Want to Own a Piece of the Atlanta Braves?

What a catch! | Copyright Eliot J. Schechter, Getty Images

Liberty Media Corp., owner of MLB franchise the Atlanta Braves, created a series of tracking stocks for the team last week, allowing shares to be traded on Wall Street. Unfortunately, according to the New York Post, the shares tumbled along with the team's performance on the field. The team's Series A shares, trading under ticker BATRA, were priced on April 15 at $36 a share. They dropped to $19.95 at the session's close that day. At 11 a.m. Tuesday, the shares had dropped even further to $18.32. The share price dropped the market capitalization of the Braves, MLB's only publicly traded team, to $870 million, 25 percent below the $1.175 billion value listed by Forbes. In addition to the Braves, of which Liberty Media owns 20 percent, the company also owns stakes in Sirius XM radio, Live Nation, Time Inc., Time Warner and Viacom.

Wilshire Creates Wealth Management Platform

Wilshire Funds Management has announced the creation of the Wilshire Wealth Management Platform.

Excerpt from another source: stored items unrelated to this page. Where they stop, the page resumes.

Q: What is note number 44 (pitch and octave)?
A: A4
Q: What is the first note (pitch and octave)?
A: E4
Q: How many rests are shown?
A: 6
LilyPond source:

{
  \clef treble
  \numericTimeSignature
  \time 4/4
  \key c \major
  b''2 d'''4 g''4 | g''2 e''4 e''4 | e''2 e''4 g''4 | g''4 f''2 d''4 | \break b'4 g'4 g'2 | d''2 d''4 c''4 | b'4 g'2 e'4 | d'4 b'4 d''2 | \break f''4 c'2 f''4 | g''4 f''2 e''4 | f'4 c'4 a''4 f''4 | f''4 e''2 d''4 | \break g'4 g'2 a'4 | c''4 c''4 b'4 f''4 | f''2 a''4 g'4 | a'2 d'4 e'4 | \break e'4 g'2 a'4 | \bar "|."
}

The platform will be powered by VestmarkONE, which manages over 1.5 million accounts, representing more than $500 billion in AUM. The platform will provide RIAs and family offices with turnkey access to Wilshire's investment strategies and research. Wilshire Funds Management is a subsidiary of Wilshire Associates, an independent investment consulting firm based in Santa Monica, Calif., servicing clients in more than 20 countries with assets totaling $8 trillion. Wilshire Funds Management advises banks, broker/dealers, asset managers, insurance companies and retirement plan providers on more than $148 billion in AUM. “There is a great need for a research solution that bridges the increasingly narrow gap between the demands of institutional and ultra-high-net-worth investors,” said Josh Emanuel, Chief Investment Officer of Wilshire Funds Management. “This platform distils Wilshire’s four decades of institutional experience into an intuitive and flexible solution.”

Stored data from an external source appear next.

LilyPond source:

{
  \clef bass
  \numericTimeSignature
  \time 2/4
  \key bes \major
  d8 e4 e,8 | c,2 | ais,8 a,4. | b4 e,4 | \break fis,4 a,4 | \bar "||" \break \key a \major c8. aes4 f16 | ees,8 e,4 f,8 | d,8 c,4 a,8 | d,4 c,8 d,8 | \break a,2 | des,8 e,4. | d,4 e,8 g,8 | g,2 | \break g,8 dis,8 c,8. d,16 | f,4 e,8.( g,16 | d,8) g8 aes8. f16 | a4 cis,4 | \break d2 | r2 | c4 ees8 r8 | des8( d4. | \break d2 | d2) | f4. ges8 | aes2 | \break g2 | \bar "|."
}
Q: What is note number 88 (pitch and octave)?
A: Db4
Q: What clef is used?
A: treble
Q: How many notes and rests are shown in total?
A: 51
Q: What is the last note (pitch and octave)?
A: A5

Weddings Are Too Expensive

The cost is too damn high! | POMPIXs/iStock/Thinkstock

Saving for a wedding can be a major milestone in a client’s financial plan, but many American investors are fed up with how expensive weddings are getting. It cost an average of $30,000 to get hitched in 2015, which 86 percent of people surveyed in the latest COUNTRY Financial Security Index said is too much. And the costs begin long before a couple walks the aisle: 55 percent of men said they would consider buying a used ring to save money, and three-fourths of women said they would accept one. The cost of getting married is also changing traditional attitudes on who should spend, with half of Americans now saying the couple should split the bill instead of the bride’s family covering it. The good news for advisors is that most clients should be able to stick to their financial plan, as 77 percent of those surveyed said a dream wedding wasn’t a good excuse to take on additional debt.